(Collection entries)

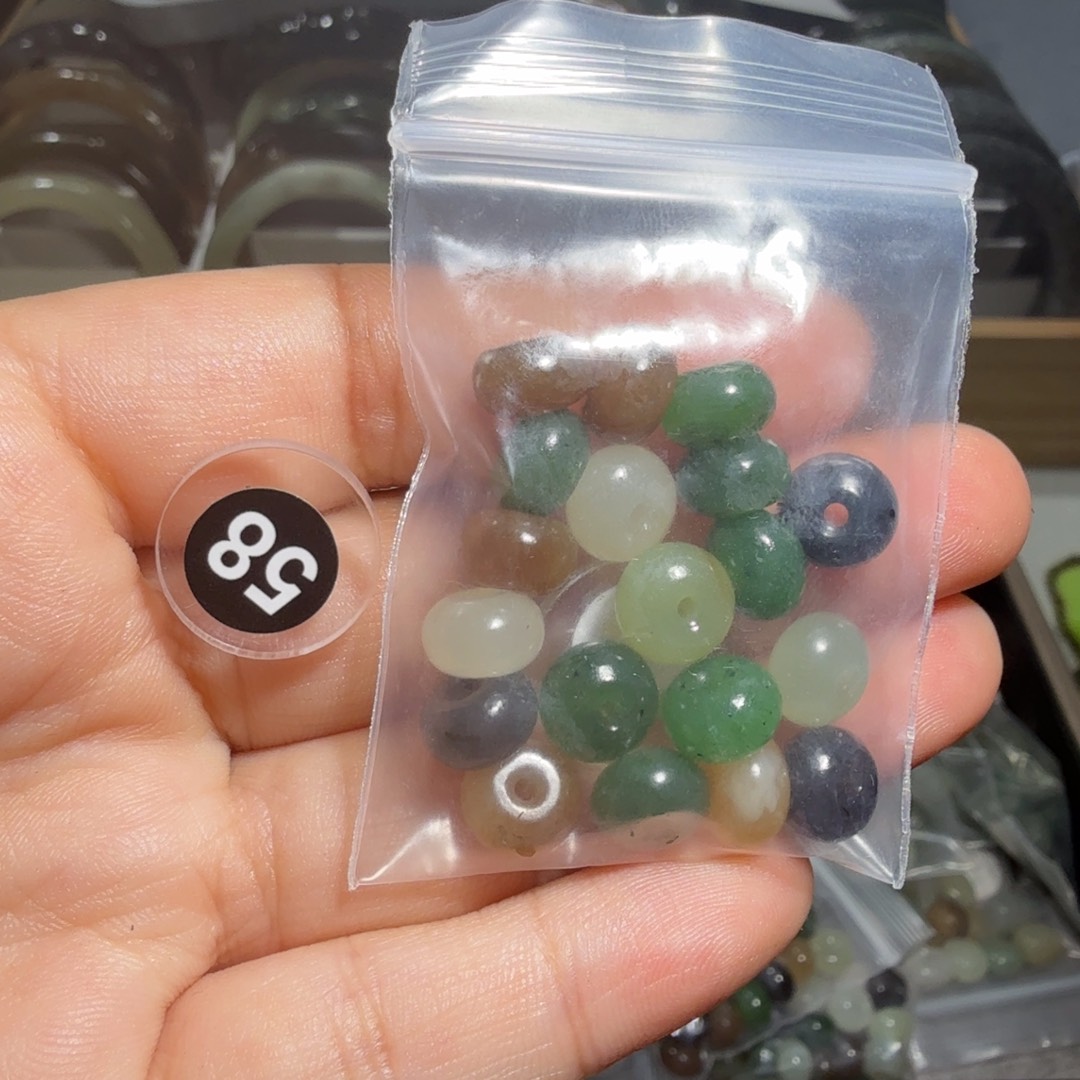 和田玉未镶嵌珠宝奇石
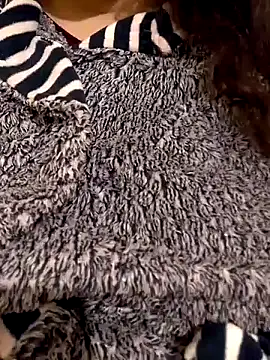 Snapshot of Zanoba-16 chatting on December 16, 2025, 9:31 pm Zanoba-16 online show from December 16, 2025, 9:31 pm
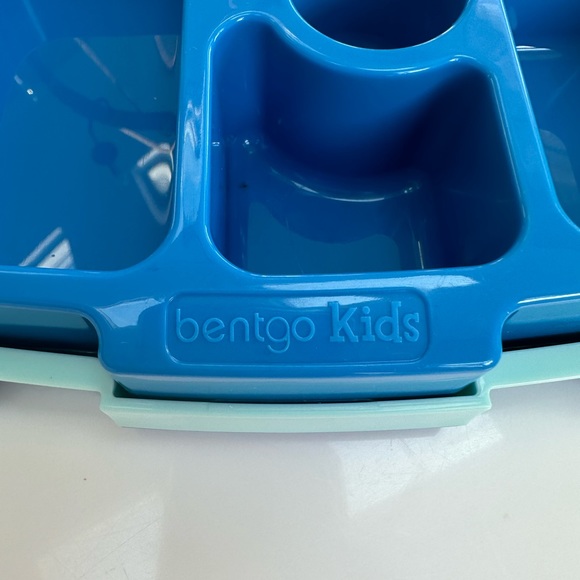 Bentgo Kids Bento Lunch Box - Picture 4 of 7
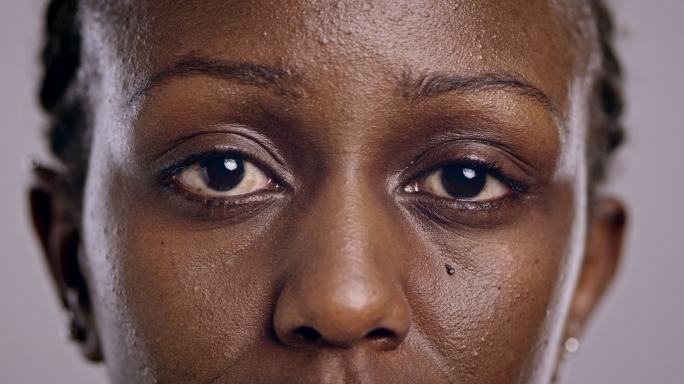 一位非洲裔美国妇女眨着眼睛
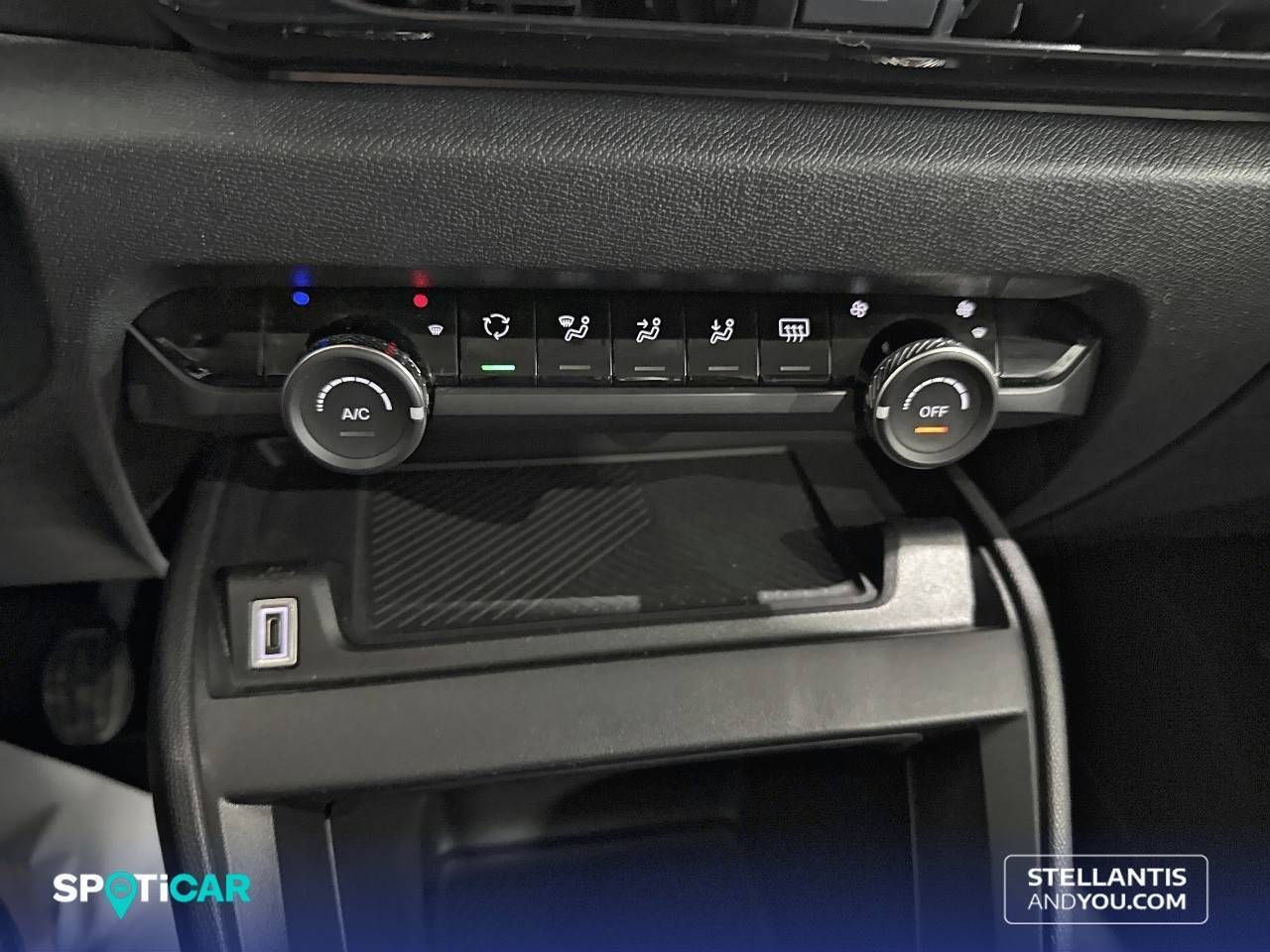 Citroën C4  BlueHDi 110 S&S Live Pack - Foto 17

WORK INSTRUCTION.
Each line from the one holding "Snapshot of Zanoba-16" through the final line of the data needs to be transcribed exactly. Include both ends, skip the pictures, and add nothing.

TASK RESPONSE.
 Snapshot of Zanoba-16 chatting on December 16, 2025, 9:31 pm Zanoba-16 online show from December 16, 2025, 9:31 pm
 Bentgo Kids Bento Lunch Box - Picture 4 of 7
 一位非洲裔美国妇女眨着眼睛
 Citroën C4  BlueHDi 110 S&S Live Pack - Foto 17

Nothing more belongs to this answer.